赦すことができなくて、ずっと苦しかった。

時間が経つと薄れていってしまうものに怯えている。

そのまま保っているためには、何かを犠牲にしなければならないのだろうか。


「私だっていろんなこと我慢してるのに」

普段は絶対に口にはしないそんな言葉を吐いて、ふと我に返った。きっとそれは私の本音で、甘えだったと思う。

弱いのに強いふりをしてしまうし、寂しいのに満たされているふりをしてしまう。

誰かに心情を吐露することすらも容易にできないのに、わかってほしいと思うなんて烏滸がましい。


人は容赦なく私に期待をぶつけてくる。過度な信頼を放り投げてくる。暴力だよ、それ。

「逃げていいんだよ」って言いながら、私の両手をちぎれるほどの強さで握ってくる。束縛だよ、それ。

空がどれだけ青く澄んでいたって、星がどれだけ綺麗に瞬いていたって、瞳を開けられなかったら意味がないじゃない。


彼女を赦そうと思う。今朝、電車に揺られながらそんなことを考えていた。

彼女を赦すことで、私自身をも赦すことになるのだろうか。

赦すという行為で救われるものがいくつあるのだろう。救われる人が何人いるのだろう。


ずっと憧れていた。彼女のようになりたかった。出逢ったその瞬間から恋をした。同じ目線で言葉を紡ぎ合えることが嬉しくてたまらなかった。
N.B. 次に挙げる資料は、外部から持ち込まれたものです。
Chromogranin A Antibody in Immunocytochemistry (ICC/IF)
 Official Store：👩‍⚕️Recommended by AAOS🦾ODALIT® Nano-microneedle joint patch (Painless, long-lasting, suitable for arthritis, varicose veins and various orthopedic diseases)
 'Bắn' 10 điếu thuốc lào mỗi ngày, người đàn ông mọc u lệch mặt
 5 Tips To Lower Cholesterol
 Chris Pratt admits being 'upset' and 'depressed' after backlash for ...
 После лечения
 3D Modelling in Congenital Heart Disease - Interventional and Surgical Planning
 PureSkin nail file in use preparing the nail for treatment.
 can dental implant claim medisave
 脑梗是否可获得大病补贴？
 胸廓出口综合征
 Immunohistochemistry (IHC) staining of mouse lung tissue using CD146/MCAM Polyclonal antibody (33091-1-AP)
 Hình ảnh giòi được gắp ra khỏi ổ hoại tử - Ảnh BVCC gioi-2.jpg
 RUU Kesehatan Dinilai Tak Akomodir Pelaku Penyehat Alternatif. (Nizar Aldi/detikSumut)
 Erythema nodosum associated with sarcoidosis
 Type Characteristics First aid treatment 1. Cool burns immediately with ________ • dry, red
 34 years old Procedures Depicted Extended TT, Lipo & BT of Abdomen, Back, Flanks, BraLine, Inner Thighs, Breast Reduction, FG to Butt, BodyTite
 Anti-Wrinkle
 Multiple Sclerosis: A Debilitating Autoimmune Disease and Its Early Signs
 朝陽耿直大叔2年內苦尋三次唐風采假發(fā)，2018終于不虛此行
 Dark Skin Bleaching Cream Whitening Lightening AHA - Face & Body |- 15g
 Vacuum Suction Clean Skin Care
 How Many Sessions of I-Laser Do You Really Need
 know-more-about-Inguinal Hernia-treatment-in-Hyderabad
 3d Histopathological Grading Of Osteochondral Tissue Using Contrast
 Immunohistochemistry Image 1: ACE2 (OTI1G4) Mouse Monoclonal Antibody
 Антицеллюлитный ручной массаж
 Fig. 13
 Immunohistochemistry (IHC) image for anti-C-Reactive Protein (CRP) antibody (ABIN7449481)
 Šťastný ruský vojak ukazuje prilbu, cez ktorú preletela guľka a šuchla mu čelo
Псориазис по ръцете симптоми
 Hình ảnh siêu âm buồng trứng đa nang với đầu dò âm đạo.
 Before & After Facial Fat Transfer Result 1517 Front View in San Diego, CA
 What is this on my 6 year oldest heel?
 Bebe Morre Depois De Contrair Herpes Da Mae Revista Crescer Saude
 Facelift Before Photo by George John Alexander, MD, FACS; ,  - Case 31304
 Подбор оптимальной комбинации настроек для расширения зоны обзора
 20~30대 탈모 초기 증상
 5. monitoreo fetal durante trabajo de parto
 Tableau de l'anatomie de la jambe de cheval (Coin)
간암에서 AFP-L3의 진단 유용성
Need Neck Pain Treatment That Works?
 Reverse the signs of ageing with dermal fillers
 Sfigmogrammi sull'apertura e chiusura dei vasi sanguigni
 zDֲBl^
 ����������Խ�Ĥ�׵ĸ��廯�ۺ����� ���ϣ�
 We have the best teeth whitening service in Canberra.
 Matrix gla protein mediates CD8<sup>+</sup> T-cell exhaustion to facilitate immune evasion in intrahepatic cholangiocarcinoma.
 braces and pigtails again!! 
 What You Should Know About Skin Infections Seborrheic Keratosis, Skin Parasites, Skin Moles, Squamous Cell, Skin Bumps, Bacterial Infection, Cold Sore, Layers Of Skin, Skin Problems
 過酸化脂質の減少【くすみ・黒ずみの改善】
彼女の生きる理由でいたかった。彼女の弱さを受け入れてあげたかった。彼女の逃げ場でありたかった。

あれは、あの感情はきっと、依存に近いものだった。

彼女を救った気になって、救われていたのは私だった。

私の人生は、彼女の存在をなくしては語れないと思う。

ありがとう。まだ幼くて、未熟なあの頃の私と君。


変わりたくて、変われなくて、変えたくて、変わらなくて、絶望した。変化を好むくせに変化を嫌うなんて、人間って勝手な生き物だ。

どう足掻いたって、私と君が交わる世界線なんて存在しなかっただろうね。



私を赦せなかったのは、他の誰でもなく、私自身だったのかもしれない。